I can hear it now: "You get TWO naps during the day, and you're complaining about only getting ONE?" Yeah, I am. My sleep schedule is all messed up (see above), and while I'm working on getting it back on track you betcha I'm going to soak up all that good naptime sleep. Maybe one day I won't need to sleep during the day to make sure I can adequately take care of my offspring, but today is not that day.
When I told people I was quitting my job in order to be a stay-at-home-mom, I got two responses. Either "Wow, I'd love to stay at home and do nothing all day," or "Wow, that's going to be a big responsibility." Obviously I prefer the latter, but I understand the former response coming from someone who doesn't have children, or who did but had to work in order to support their family. I didn't understand until it happened to me, to be honest.

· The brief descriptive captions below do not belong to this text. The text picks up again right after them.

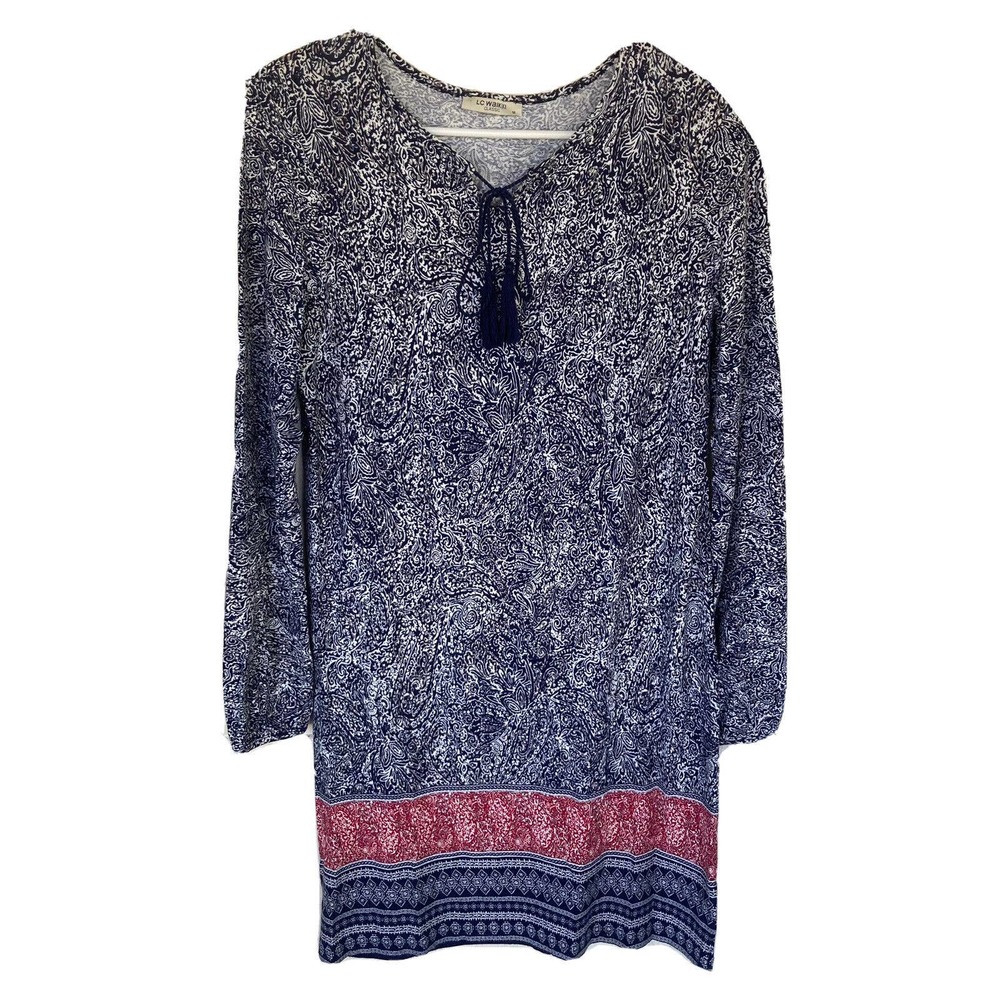 LC Waikiki Dress Sz Med Long Sleeve Sweater Paisley Red Blue Womens Lightweight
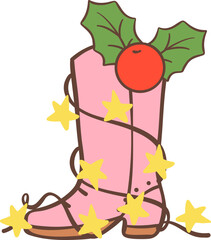 Cowboy Christmas pink Boot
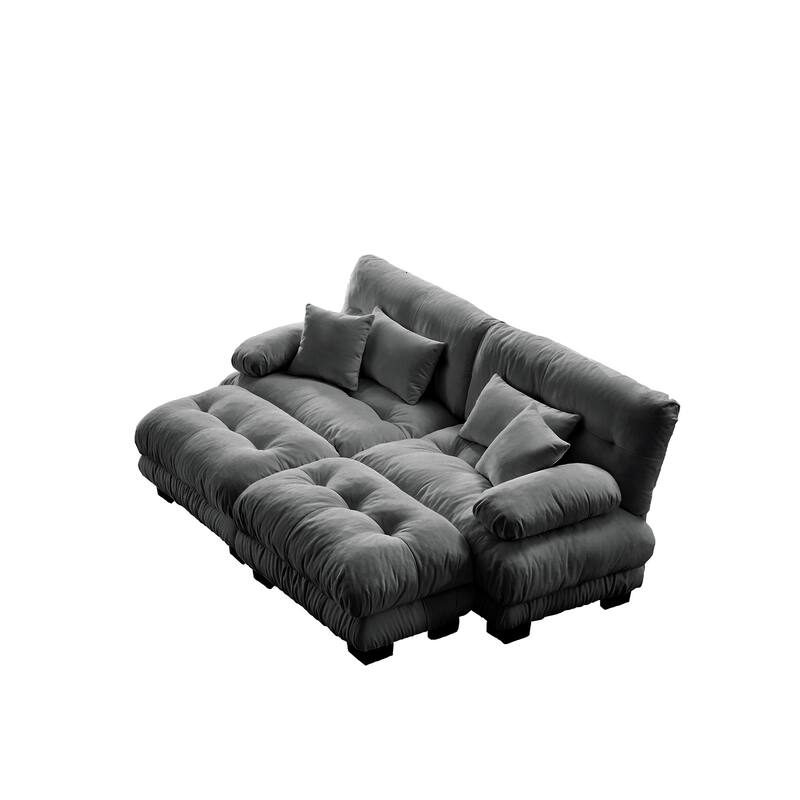 94.4" Chenille Cloud Sleeper Sofa with 2 Ottomans & Pillows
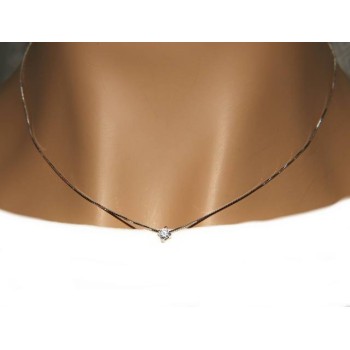 NSA|Parure donna punto luce 7 mm in argento 925 con zircone. Catena veneziana ciondolo passante e Orecchini abbinati NALBORI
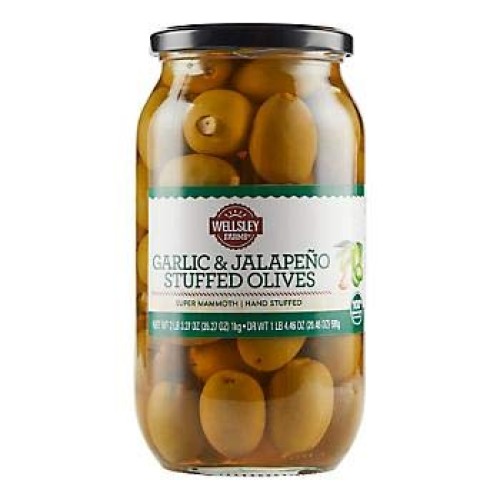 Garlic And Jalapeno Super Mommoth Stuffed Olives From Greece, 35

There's definitely something that happens mentally (and hey, maybe it's all the hormones during pregnancy), that rewires your immediate or subconscious or passive thoughts from I'm looking out for myself to If I don't take care of this child first, before anyone else, the world will end. Fiercely protective, I'd say. Since I'm only nine and a half months into this beautiful thing called Motherhood, perhaps that feeling will subside a bit down the road. Perhaps it happens when the kiddo can start taking care of itself, that it no longer depends on you for everything.
Until then, I'm pouring everything I have into this handsome, bright, smiling work of art that tests my every limit. Uncle Dave had it right: "It's going to be the most challenging, most difficult thing you've ever done. But it's also going to be the most rewarding."